By Deirdre Tynan • 22 September 2021 • 10:33
Image: Tomoaki Ishiyama
An international team of researchers developed the largest and most detailed simulation of the Universe to date and has made it freely available on the cloud to everyone. This simulation, named Uchuu, will help astronomers to interpret results from Big Data galaxy surveys.
Uchuu, meaning “Outer Space” in Japanese, is the largest and most realistic simulation of the Universe to date. The Uchuu simulation consists of 2.1 trillion particles in a computational cube an unprecedented 9.63 billion light-years to a side. For comparison, that’s about three-quarters the distance between Earth and the most distant observed galaxies. Uchuu will allow for the study the evolution of the Universe on a level of both size and detail inconceivable until now.
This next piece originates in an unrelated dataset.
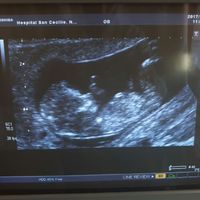 Ayuda con método ramzi: niño o niña? - 1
Uchuu focuses on the large-scale structure of the Universe, mysterious halos of dark matter which control not only the formation of galaxies, but also the fate of the entire Universe itself. The scale of these structures ranges from the largest galaxy clusters down to the smallest galaxies. Individual stars and planets aren’t resolved, so don’t expect to find any alien civilizations in Uchuu. But one way that Uchuu wins big in comparison to other virtual worlds is the time domain; Uchuu simulates the evolution of matter over almost the entire 13.8 billion year history of the Universe from the Big Bang to the present. That is over 30 times longer than the time since animal life first crawled out of the seas on Earth.
Julia F. Ereza, a Ph.D. student at IAA-CSIC who uses Uchuu to study the large-scale structure of the Universe explains the importance of the time domain, “Uchuu is like a time machine, we can go forward, backward and stop in time, we can ‘zoom in’ on a single galaxy or ‘zoom out’ to visualize a whole cluster, we can see what is really happening at every instant and in every place of the Universe from its earliest days to the present, being an essential tool to study the Cosmos.”
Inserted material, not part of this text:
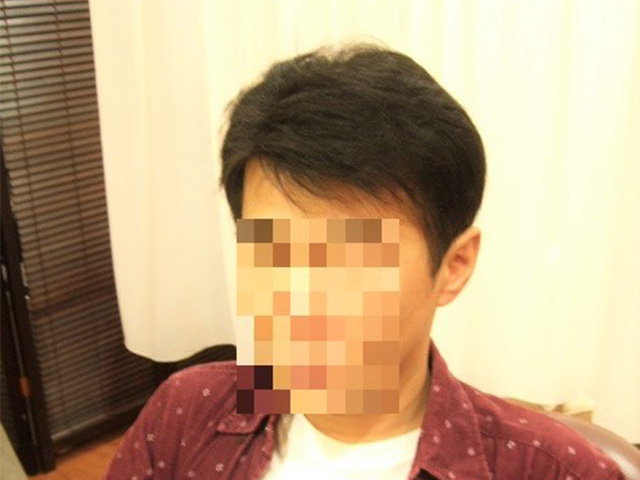 部分かつら(オーダーメイド)_After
An international team of researchers from Japan, Spain, America, Argentina, Australia, Chile, France, and Italy created Uchuu using ATERUI II, the world’s most powerful supercomputer dedicated to astronomy. Even with all this power, it still took a year to produce Uchuu. Tomoaki Ishiyama, an associate professor at Chiba University who developed the code used to generate Uchuu, said, “To produce Uchuu we have used all 40,200 processors (CPU cores) available exclusively for 48 hours each month. Twenty million supercomputer hours were consumed, and three Petabytes of data were generated, the equivalent of 894,784,853 pictures from a 12-megapixel cell phone.”
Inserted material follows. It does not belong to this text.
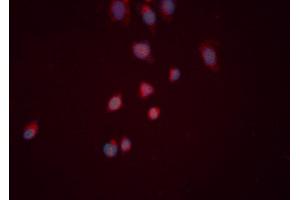 ABIN6276519 staining HeLa cells by ICC/IF. (CYR61 anticorps  (Internal Region))
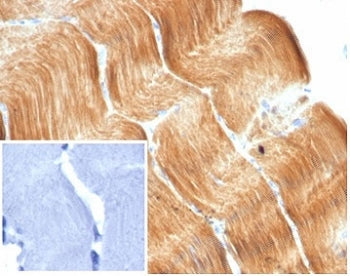 IHC staining of FFPE human skeletal muscle tissue with recombinant Alpha Actinin 2 antibody (clone A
There is no need to worry about download time, the research team used high-performance computational techniques to compress information on the formation and evolution of dark matter haloes in the Uchuu simulation into a 100-terabyte catalogue. This catalogue is now available to everyone on the cloud in an easy to use format thanks to the computational infrastructure skun6 located at the Instituto de Astrofisica de Andalucia (IAA-CSIC), the RedIRIS group, and the Galician Supercomputing Centre (CESGA). Future data releases will include catalogues of virtual galaxies and gravitational lensing maps.
Big Data science products from Uchuu will help astronomers learn how to interpret Big Data galaxy surveys expected in coming years from facilities like the Subaru Telescope and the ESA Euclid space mission.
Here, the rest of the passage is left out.